Die seltene genetische Krankheit, die nur in einer Familie auftritt

Schon seit mehreren Generationen kämpft die Familie von Joselin Linder mit einer namenlosen Krankheit, deren Symptome kein Arzt deuten konnte. Mittlerweile wissen sie: Die Antwort liegt in ihren Genen.

von Ilana Masad
21 März 2017, 10:55am

Photo courtesy of Joselin Linder

Joselin Linder ist kein unbeschriebenes Blatt. Sie arbeitet als Journalistin für die New York Post, hat bereits mehrere Bücher über Gaming und Gamifizierung geschrieben und ist die Autorin von humorvollen Genre-Kreuzungen wie The Stoned Family Robinson (wie Die Schweizerische Robinson nur mit Gras). Die Arbeit an ihrem Buch The Family Gene war allerdings auch für Linder eine vollkommen neue Erfahrung. Es erzählt von dem Kampf ihrer Familie gegen eine namenlose Krankheit. Eine Krankheit, die durch eine genetische Mutation verursacht wird, die viele ihrer Verwandten in sich tragen.
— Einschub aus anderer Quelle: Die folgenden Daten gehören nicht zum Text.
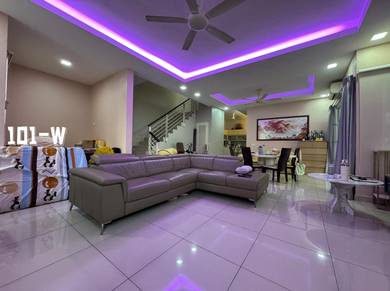 Semi-Detached House For Sale in Setia Alam,SGR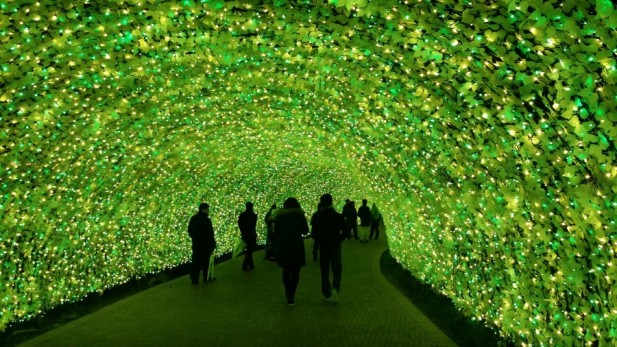 绿色LED隧道也毫不逊色。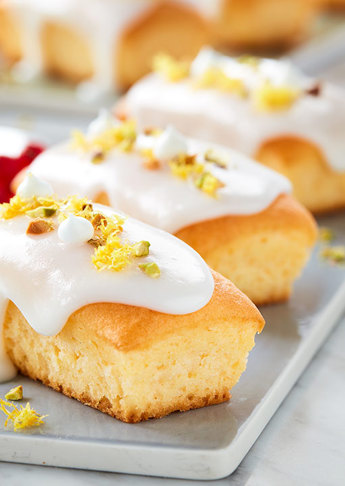 Gluten free softcake with icing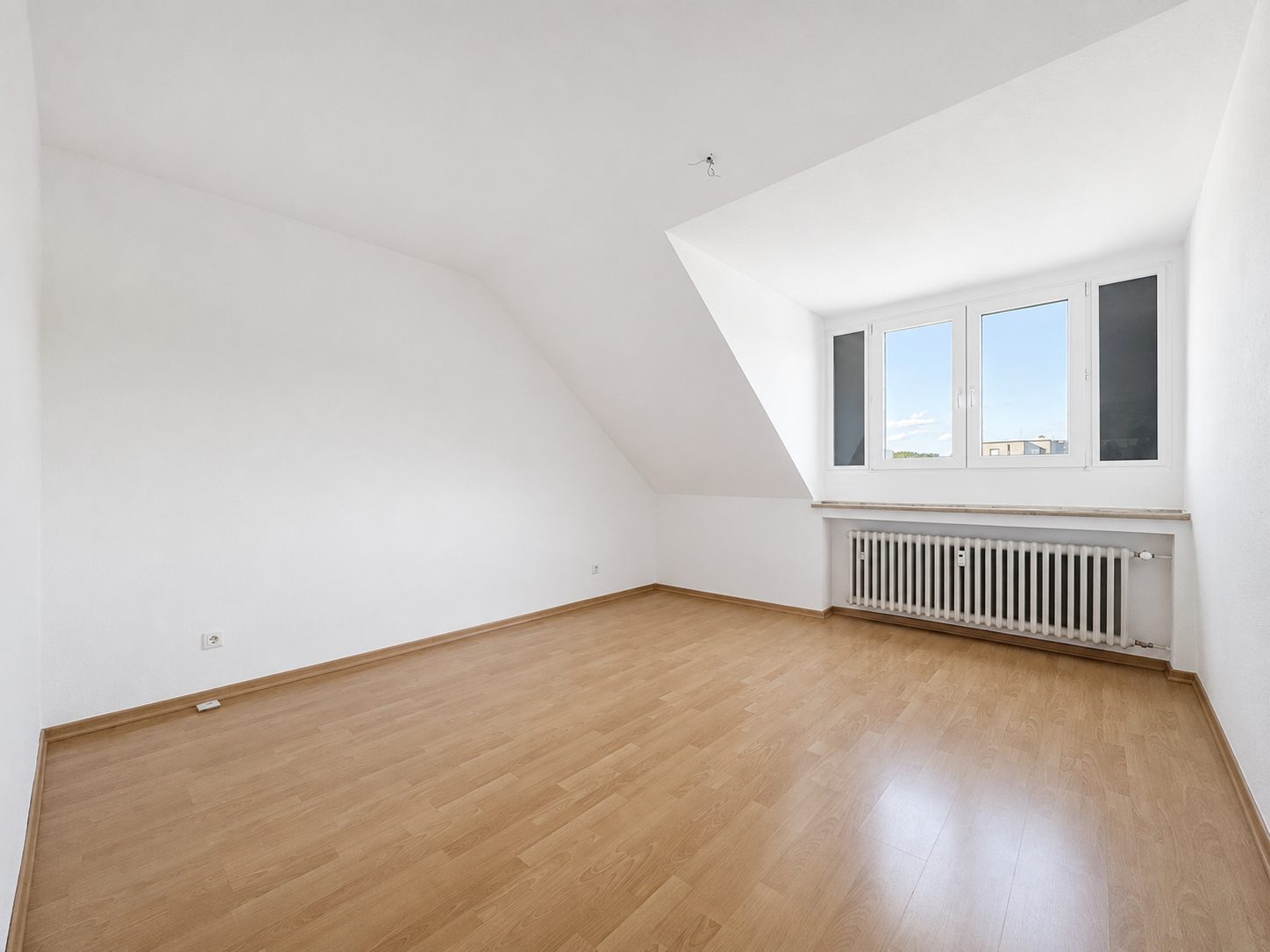 Immobilienangebot - Düsseldorf - Alle - Blick ins Grüne: familienfreundliche 4-Zimmerwohnung mit Südbalkon und Garage in Unterbach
Das Gen konnte auf Linders Urgroßmutter zurückgeführt werden, was sehr außergewöhnlich ist. Normalerweise können genetisch bedingte Krankheiten (wie zum Beispiel Mukoviszidose) über dutzende oder hunderte Generationen zurückverfolgt werden. Genau wie ihr Onkel starb auch Linders Vater an den körperlichen Folgen des Gens, das von Generation zu Generation weitergegeben wurde. Über fünf Generationen hinweg wurden zahlreiche Mitglieder ihrer Familie krank, allerdings konnte lange Zeit über niemand sagen, wie die Symptome zusammenpassten: geschwollene Lymphknoten, Lymphflüssigkeit in der Lunge und ein Verwandter, der einen Schlaganfall erlitt. Erst in Linders Generation waren die Ärzte in der Lage, die Krankheit auf eine besondere genetische Mutation zurückzuführen, von der man annimmt, dass sie nur in ihrer Familie auftritt.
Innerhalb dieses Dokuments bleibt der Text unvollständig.